Un des mérites de l’ouvrage est de corriger un des aspects les plus outranciers de « l’homme brisé », de Pierre Godin. Autant dans sa prose que dans la promotion médiatique de son livre, Godin a tracé un portrait désespérant de René Lévesque vers 1984, dans les derniers mois de pouvoir. À le lire, Lévesque était devenu quasi alcoolique, drogué aux pilules, et le Québec était dirigé par une sorte de pochard pathétique. À cette période, mon bureau au cabinet du premier ministre était à quelques mètres de celui de Martine Lévesque et je témoigne personnellement que cela est globalement faux. À la période précise où Godin le décrit comme non fonctionnel, je me souviens très bien que nous lui soumettions les dossiers ordinaires du cabinet, qu’il les gérait de façon normale, qu’il en discutait, les annotait et ainsi de suite. Pour l’essentiel, le Québec avait un premier ministre en charge et en contrôle.

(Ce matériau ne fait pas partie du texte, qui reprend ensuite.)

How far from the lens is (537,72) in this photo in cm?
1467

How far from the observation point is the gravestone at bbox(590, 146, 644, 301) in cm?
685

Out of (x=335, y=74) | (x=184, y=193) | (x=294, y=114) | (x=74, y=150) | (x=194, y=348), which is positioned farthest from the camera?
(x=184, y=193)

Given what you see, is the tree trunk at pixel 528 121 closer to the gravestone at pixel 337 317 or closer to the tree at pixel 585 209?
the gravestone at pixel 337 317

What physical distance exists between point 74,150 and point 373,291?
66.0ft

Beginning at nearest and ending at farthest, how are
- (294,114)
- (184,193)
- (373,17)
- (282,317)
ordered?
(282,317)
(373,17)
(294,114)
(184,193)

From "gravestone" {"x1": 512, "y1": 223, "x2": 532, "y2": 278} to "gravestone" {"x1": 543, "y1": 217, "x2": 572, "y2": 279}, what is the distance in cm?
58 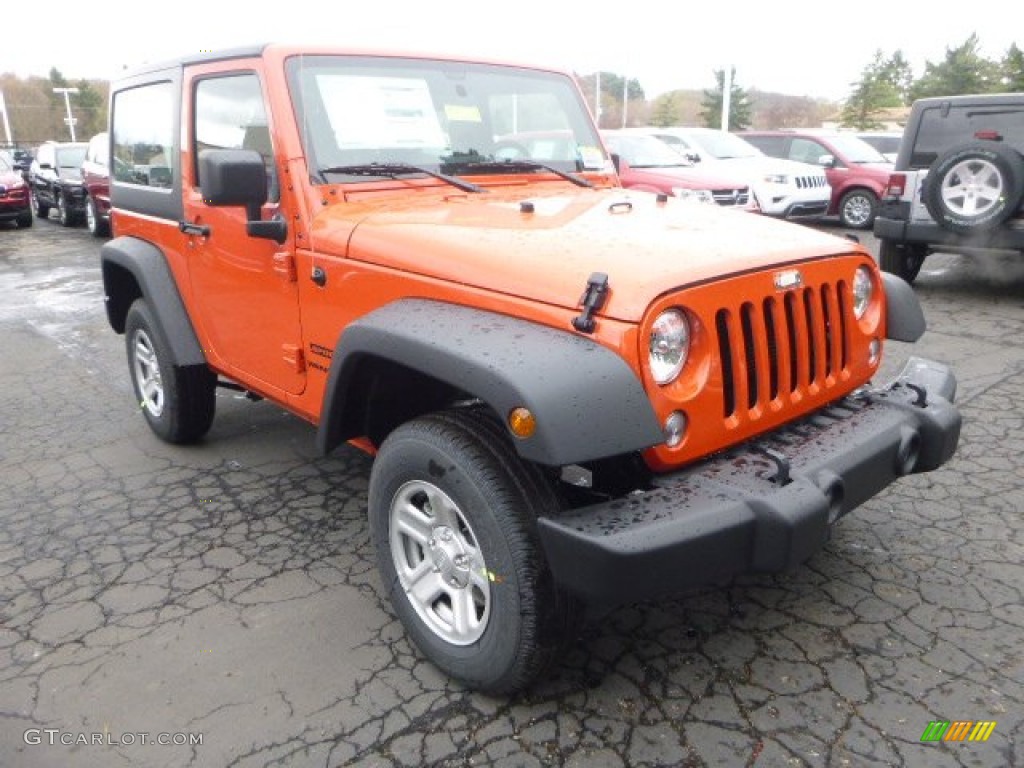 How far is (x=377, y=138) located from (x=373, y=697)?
2.08 metres

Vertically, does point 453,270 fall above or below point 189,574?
above

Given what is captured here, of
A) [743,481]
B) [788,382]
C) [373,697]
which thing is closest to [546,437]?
[743,481]

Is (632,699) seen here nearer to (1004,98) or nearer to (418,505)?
(418,505)

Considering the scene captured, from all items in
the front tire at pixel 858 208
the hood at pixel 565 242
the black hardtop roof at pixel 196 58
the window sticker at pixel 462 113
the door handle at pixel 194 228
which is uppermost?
the black hardtop roof at pixel 196 58

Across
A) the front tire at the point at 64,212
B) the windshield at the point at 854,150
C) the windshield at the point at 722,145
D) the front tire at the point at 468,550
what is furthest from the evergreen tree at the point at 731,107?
the front tire at the point at 468,550

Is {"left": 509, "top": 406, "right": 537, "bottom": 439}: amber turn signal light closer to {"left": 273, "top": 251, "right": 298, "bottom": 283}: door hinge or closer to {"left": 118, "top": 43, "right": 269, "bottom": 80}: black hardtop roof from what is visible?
{"left": 273, "top": 251, "right": 298, "bottom": 283}: door hinge

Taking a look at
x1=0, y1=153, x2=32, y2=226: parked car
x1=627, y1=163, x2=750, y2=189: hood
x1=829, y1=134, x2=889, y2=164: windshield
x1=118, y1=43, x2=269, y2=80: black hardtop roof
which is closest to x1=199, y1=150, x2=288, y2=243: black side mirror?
x1=118, y1=43, x2=269, y2=80: black hardtop roof

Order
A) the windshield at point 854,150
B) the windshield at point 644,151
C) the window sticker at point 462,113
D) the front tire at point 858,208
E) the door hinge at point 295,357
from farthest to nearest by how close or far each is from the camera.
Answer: the windshield at point 854,150
the front tire at point 858,208
the windshield at point 644,151
the window sticker at point 462,113
the door hinge at point 295,357

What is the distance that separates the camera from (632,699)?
99.4 inches

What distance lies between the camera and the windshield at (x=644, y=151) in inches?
467

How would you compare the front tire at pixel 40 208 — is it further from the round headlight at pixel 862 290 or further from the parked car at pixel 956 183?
the round headlight at pixel 862 290

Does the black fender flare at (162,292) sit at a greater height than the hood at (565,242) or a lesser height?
lesser

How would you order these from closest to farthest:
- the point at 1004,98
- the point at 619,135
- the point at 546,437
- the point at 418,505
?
the point at 546,437, the point at 418,505, the point at 1004,98, the point at 619,135

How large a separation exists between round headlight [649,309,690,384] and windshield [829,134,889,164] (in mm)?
12888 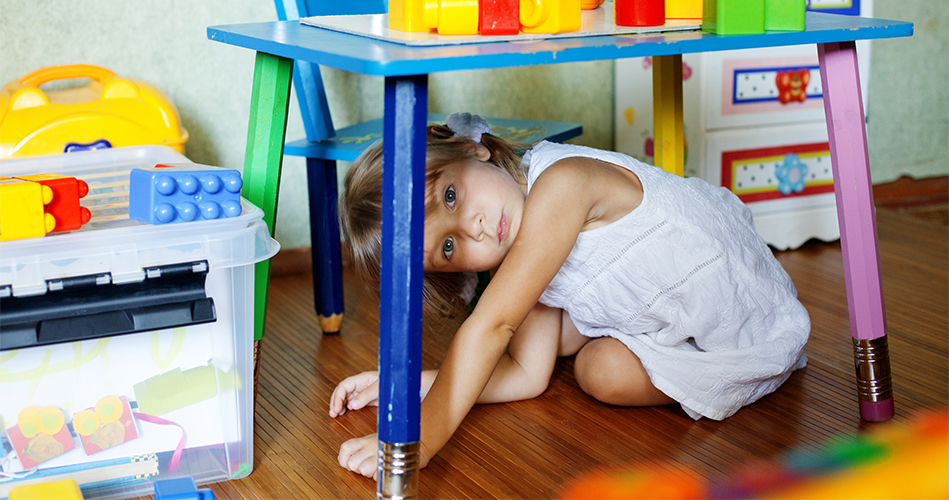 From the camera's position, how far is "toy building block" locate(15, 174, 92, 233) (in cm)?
73

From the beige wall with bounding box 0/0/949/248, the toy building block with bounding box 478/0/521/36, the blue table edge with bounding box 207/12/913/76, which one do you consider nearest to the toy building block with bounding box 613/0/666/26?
the blue table edge with bounding box 207/12/913/76

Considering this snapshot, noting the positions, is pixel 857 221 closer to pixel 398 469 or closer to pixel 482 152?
pixel 482 152

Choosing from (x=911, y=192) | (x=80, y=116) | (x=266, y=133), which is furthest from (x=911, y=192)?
(x=80, y=116)

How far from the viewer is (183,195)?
30.4 inches

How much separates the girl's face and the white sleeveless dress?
0.05m

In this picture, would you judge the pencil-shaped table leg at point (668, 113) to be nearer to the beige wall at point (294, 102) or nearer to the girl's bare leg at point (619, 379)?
the girl's bare leg at point (619, 379)

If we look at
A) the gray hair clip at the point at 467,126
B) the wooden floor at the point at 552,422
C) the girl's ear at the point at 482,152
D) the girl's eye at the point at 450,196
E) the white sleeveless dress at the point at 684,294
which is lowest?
the wooden floor at the point at 552,422

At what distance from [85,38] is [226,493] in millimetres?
968

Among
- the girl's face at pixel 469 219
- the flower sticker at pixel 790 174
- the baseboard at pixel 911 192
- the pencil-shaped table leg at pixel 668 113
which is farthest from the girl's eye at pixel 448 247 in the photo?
the baseboard at pixel 911 192

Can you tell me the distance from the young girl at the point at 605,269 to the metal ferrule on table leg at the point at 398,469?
10 centimetres

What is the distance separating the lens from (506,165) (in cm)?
104

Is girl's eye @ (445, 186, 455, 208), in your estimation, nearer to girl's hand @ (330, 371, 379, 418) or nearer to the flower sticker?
girl's hand @ (330, 371, 379, 418)

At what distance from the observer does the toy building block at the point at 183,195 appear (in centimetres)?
76

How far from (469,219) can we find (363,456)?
29 cm
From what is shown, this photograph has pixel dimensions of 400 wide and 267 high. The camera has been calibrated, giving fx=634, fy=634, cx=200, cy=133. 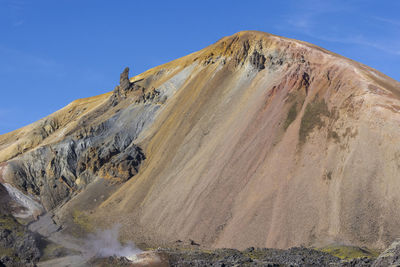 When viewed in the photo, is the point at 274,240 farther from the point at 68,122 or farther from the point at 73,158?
the point at 68,122

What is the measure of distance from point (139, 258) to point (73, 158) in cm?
4120

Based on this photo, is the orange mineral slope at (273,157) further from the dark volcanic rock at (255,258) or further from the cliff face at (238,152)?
the dark volcanic rock at (255,258)

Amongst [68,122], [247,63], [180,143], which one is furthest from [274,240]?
[68,122]

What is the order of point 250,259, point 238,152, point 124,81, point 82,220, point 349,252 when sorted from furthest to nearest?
point 124,81 → point 82,220 → point 238,152 → point 349,252 → point 250,259

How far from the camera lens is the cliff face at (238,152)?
202 ft

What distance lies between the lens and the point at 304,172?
217 ft

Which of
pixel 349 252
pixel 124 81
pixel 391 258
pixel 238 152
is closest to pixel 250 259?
pixel 349 252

Les descriptions de ce Lévesque clochardisé sont une fabrication vingt ans plus tard, basée sur quelques périodes sombres et réelles, sur une consommation alcoolique de fin d’après-midi qui était évidemment limite, sur une dépression indéniable mais limitée dans le temps. Cet état de fait doit être dédramatisé et ramené à de justes proportions, ce que fait, je crois, Tremblay. En fait, Godin a pris les témoignages épars de quelques moments pénibles de cette période pour une constante quotidienne. Si je dis que j’ai vu un tel deux fois cette année, et que les deux fois, il portait un habit rouge, on ne peut en déduire qu’il porte toujours du rouge ! Godin a procédé à une généralisation qui verse dans l’inexactitude historique et, pour la mémoire de Lévesque, il est fort triste de constater que son principal biographe s’est laissé ainsi entraîner sur un chemin qu’il a voulu spectaculaire, en espérant que ce ne soit pas pour mousser la vente de son livre. À cet égard, Martine Tremblay redresse les pendules. Sur le plan historique, il ne s’agit pas de nier les problèmes passagers de Lévesque avec l’alcool, la dépression et le découragement. Il s’agit d’en marquer les contours : cette période fut courte et dans les mois précédant sa démission, René Lévesque avait retrouvé son allant et sa détermination.
Gérald Leblanc écrivait dans La Presse que ce livre sera « la nouvelle référence sur René Lévesque ». Cela est fort plausible, mais en tout cas, le livre de Martine Tremblay est sûrement plus fiable et fouillé que le dernier tome de la biographie de Godin. Le plus étrange, dans cette comparaison des deux derniers ouvrages majeurs sur Lévesque parus ces temps-ci, est sûrement que le livre de la personne proche de Lévesque est le moins anecdotique et le plus objectif des deux (si tant est qu’on peut parler d’objectivité en la matière).